We’re already explored such oddities as Al’s theme song for a TV that ended up not getting picked up (sketch comedy Fun Zone) and, in “Talk Soup”, a theme song for a show that has enjoyed a number of different iterations, none of which, alas, chose to use the nifty theme song Al wrote for them. Al also wrote "UHF", which was not a television show, necessarily, but is a theme song for a movie about television.
In classic theme show tradition, “The Weird Al Show Theme” has to work musically while explaining the show's conceit. “The Weird Al Show Theme” sets up the basic premise of the show, which is so insane that it plays like a riotous parody of the ultimate convoluted kid’s show premise: for reasons never explained, Al lives in a cave twenty miles under the earth and after saving a hotshot TV bigwig from a bear trap while sunbathing in a nearby forest is rewarded with his own TV show.
That, as they say in the business, is the elevator pitch, the Cliff Notes version, the bare minimum.
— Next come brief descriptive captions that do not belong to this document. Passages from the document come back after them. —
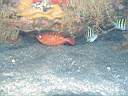 051202-mi_112.JPG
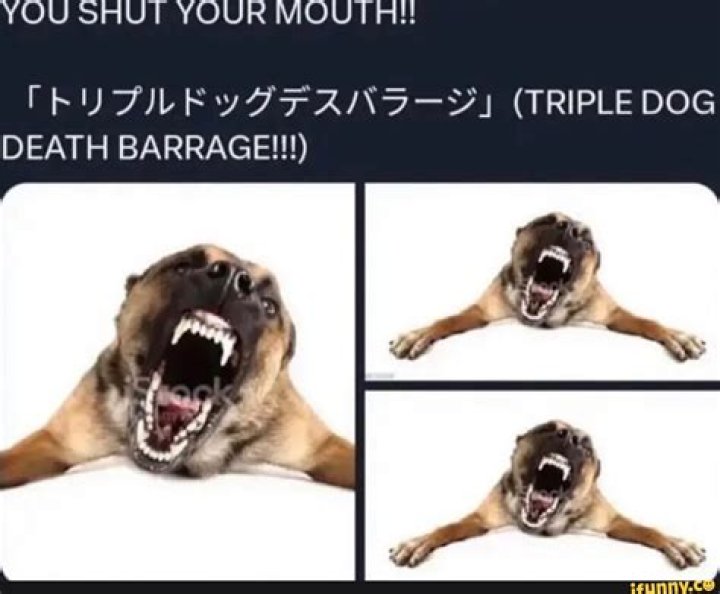 Understanding the Triple Dog Death Barrage: An In-Depth Analysis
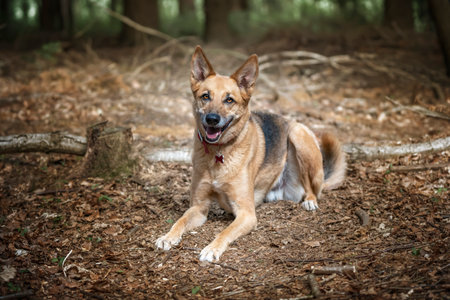 German Shepherd Saluki Cross looking at the camera with a very happy face laying down in the forest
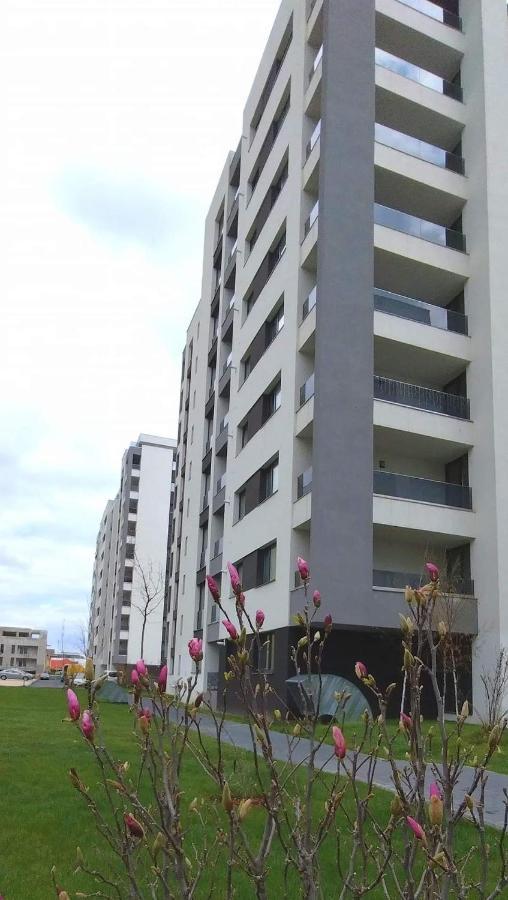 Brigitte Apartment בראשוב מראה חיצוני תמונה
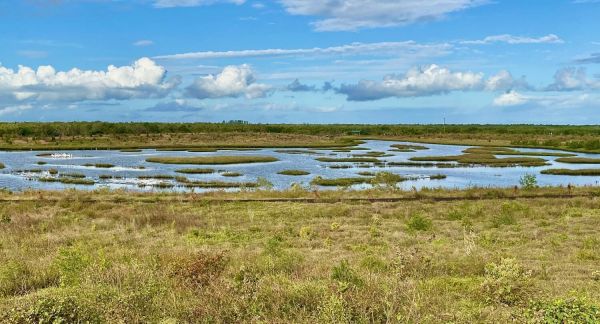 Reel Time: Oyster River Ecology moving restoration forward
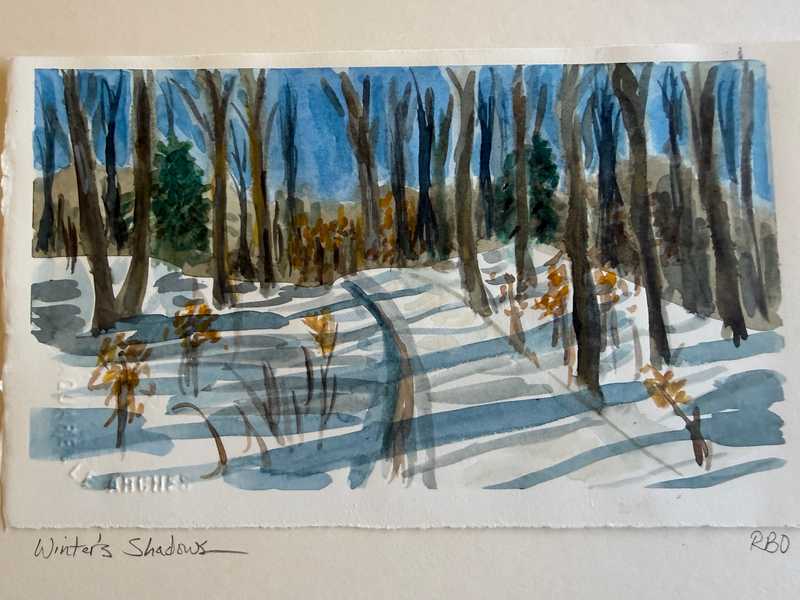 Winter's Shadows by Robin Osborne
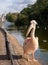 Colourful pink pelican with long beak, by the lake in St James\\\'s Park, London UK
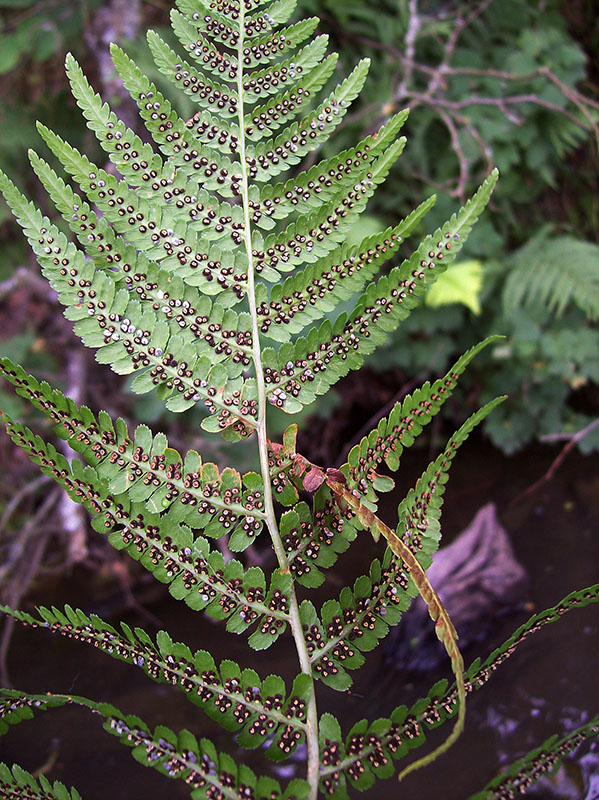 Image of Dryopteris filix-mas specimen.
You’d think that’s all seventy four seconds of time would allow for. You would be wrong. Very, very wrong.
The humor in “The Weird Al Show Theme” is rooted partially in in-jokes, in references to hamsters and spatulas and undoubtedly mind-blowing tater tots and accordions that are like little audio Easter eggs for obsessive Al fans, and partially in the comedy of randomness, in funny words and phrases like “nasal decongestant factory” and “lederhosen in a vat of sour cream” and a "mighty fine jelly bean and pickle sandwich."
Then there’s the music. Like “You Make Me”, “The Weird Al Show Theme” sounds not just animated but animated in a bunch of weird ways. It’s the audio equivalent to a crazy old stop-motion-animated oddity, with its weird instrumentation and woozy organ grinder vibe. It almost sounds like it’s being sung by Oompah Loompas, a role Al filled in a recent production of Willie Wonka and the Chocolate Factory.
“The Weird Al Show Theme” is overflowing with memorable, zany details that turn out to be exquisitely irrelevant. The genius central gag of “The Weird Al Show Theme” is to set up the appropriately surreal and cartoonish premise of “The Weird Al Show” but to do so in a way that all but buries that premise in a hilarious avalanche of seemingly unnecessary and irrelevant details.
We learn, for example, that Al used to live in a sewer, then was forced to move to a tree in Ohio, where he worked in a nasal decongestant factory, played on the company’s bowling team and nightly was haunted by a curious dream where he was wearing lederhosen in a vat of sour cream. But none of this is important to the story. Or really matters at all.
Ah, but Al has only really gotten started in rambling on and on, stream-of-consciousness style, about things that don’t really have anything to do with the matter at hand. We next learn about our hero meeting a dental hygienist with a spatula tattooed on her arm, something that instantly ceases to matter in our story in any way.
Really, only the second half of “The Weird Al Show Theme” particularly relates to the premise of The Weird Al Show. The rest is full of hilarious non sequiturs, like the information that our protagonist “really makes a mighty fine jelly bean and pickle sandwich for what it's worth!”
“The Weird Al Show Theme” unpacks an enormous amount of information in a very small amount of time, much of it screamingly, comically irrelevant, yet it wraps up so quickly that Al spends the last quarter of the song vamping outrageously, vocally and musically, leading to a comically over-the-top “big finish”, complete with wonderfully over-the-top vocal yowls.
So, you see, Al doesn’t need a whole lot of time to realize to a whole bunch of ideas brilliantly. On “The Weird Al Show Theme” he only requires exactly seventy-four seconds to conduct a veritable seminar on silliness.